**Problem statement:** Keep to one stretch of the data below, the lines from the one with "APV-25 series 25W" up to and including the one with "OSP Home Furnishings Sierra", and return that stretch exactly.

Content starts

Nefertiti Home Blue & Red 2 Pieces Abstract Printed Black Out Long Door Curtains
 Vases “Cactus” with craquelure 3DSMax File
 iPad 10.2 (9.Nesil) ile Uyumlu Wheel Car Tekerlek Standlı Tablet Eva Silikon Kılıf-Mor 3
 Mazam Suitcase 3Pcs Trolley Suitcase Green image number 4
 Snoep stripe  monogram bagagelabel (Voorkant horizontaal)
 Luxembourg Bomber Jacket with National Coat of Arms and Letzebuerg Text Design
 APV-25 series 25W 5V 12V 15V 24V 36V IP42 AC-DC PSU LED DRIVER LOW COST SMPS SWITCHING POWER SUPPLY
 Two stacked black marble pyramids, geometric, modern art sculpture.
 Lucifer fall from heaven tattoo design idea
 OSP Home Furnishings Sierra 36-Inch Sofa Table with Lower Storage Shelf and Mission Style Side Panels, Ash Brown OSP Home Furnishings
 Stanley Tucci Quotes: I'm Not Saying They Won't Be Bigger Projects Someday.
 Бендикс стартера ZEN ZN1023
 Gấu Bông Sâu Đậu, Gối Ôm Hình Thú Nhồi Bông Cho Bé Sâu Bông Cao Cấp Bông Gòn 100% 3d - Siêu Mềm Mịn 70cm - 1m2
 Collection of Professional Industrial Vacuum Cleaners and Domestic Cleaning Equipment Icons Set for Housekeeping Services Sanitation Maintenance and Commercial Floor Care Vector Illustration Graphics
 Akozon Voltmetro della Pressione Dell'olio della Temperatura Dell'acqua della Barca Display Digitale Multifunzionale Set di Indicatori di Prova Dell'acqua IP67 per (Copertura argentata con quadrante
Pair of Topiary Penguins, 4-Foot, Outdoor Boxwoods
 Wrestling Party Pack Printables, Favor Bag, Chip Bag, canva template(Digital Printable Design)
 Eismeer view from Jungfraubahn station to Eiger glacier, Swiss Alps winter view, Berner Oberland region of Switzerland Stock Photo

Content ends

**Answer:**
 APV-25 series 25W 5V 12V 15V 24V 36V IP42 AC-DC PSU LED DRIVER LOW COST SMPS SWITCHING POWER SUPPLY
 Two stacked black marble pyramids, geometric, modern art sculpture.
 Lucifer fall from heaven tattoo design idea
 OSP Home Furnishings Sierra 36-Inch Sofa Table with Lower Storage Shelf and Mission Style Side Panels, Ash Brown OSP Home Furnishings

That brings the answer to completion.